Ad hoc legal services providers will be created by building the various skill sets required for particular clients with various lawyers/firms into an “ad hoc” firm. While this will raise issues of confidentiality etc., clients will be better served by alternatives that provide just the skills required and no additional skills. That ad hoc firm may be totally or partially virtual, which would allow the easiest assembly of lawyers and skills and could offset ethical concerns.

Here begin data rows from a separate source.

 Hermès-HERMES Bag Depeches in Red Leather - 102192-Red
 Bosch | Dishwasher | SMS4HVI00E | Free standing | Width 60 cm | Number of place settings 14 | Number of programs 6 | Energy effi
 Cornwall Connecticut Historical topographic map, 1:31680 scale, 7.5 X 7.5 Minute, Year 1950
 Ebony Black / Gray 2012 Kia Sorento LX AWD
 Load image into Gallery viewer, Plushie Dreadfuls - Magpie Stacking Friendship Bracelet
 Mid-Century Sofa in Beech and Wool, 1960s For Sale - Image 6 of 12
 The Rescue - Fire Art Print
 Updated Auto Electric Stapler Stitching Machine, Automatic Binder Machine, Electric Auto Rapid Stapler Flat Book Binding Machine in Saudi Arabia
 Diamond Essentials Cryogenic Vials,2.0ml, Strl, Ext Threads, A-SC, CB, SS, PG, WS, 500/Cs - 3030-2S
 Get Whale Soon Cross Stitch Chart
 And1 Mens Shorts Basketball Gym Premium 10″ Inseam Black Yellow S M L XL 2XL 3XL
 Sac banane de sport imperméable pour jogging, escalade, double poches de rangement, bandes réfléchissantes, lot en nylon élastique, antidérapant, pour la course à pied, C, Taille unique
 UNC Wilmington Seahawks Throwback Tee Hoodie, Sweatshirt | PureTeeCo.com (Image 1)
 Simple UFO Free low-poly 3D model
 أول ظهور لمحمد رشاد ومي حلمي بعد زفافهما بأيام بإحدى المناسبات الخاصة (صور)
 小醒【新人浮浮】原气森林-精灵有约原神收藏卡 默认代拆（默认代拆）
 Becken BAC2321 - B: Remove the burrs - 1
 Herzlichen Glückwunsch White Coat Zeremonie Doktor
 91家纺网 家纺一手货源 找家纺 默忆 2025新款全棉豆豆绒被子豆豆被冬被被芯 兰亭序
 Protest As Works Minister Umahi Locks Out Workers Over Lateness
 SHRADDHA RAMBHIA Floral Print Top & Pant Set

The traditional and largest current segment firm (4 – 10 lawyers) will survive only if they can differentiate themselves by building unique personal services representation for clients. Much routine legal services will be provided less expensively by alternative service providers, and more complex matters may be taken by the ad hoc or large firms. The remaining services will be legal representations which are founded upon a “comfort level” for the clients by perceived personal relationships. This size/type firm will be more successful in geographic setting where such services are more convenient or required (e.g., smaller communities or suburban or exurban settings) by the clients.

Some large law firms will exist (though less than today), since the need for transborder, multi-national legal services will continue to expand. As some large firms have discovered in the past several decades, keeping a multi-office and especially, a multi-national office firm together is very difficult. The solution for such a global, mega-firm may be a less structured affiliation or association arrangements to serve particular clients by substantial firms in multiple countries.

Friedman: Best practices and project management will enable well-managed law firms to recognize efficiencies, from investing in automation to hiring and effectively deploying professional project managers. Among large firms, only those with more than 1000 lawyers will have the scale to deliver the systematized services that clients will demand. Boutiques offering highly refined and niche services will also survive.

Werner: Law firms will continue to look like the many varieties they are today. Because the top 200 firms receive the greatest amount of press, many people forget that the largest percentage of attorneys in private practice are working in firms of fewer than twenty attorneys. Smaller firm attorneys who want to compete with large firms will continue to leverage technology for the many ways in which it can level the playing field.

The relationship between attorney and individual client will continue to be critical. The physical office will matter less than it does now, as everyone in the work force understands that business can be conducted in any location that allows for technology to convey information in a timely way. Face time in the office will become less important, which will have an interesting impact on office politics, relationship development and management challenges.

Denny: Law firms will follow the pattern of the accounting firms. There will be fewer mega firms and a greater number of mid-size firms, solo practitioners specializing in one area of law and virtual organizations, many of which will not have lawyers because they will confine their practices to areas that will not require a lawyer.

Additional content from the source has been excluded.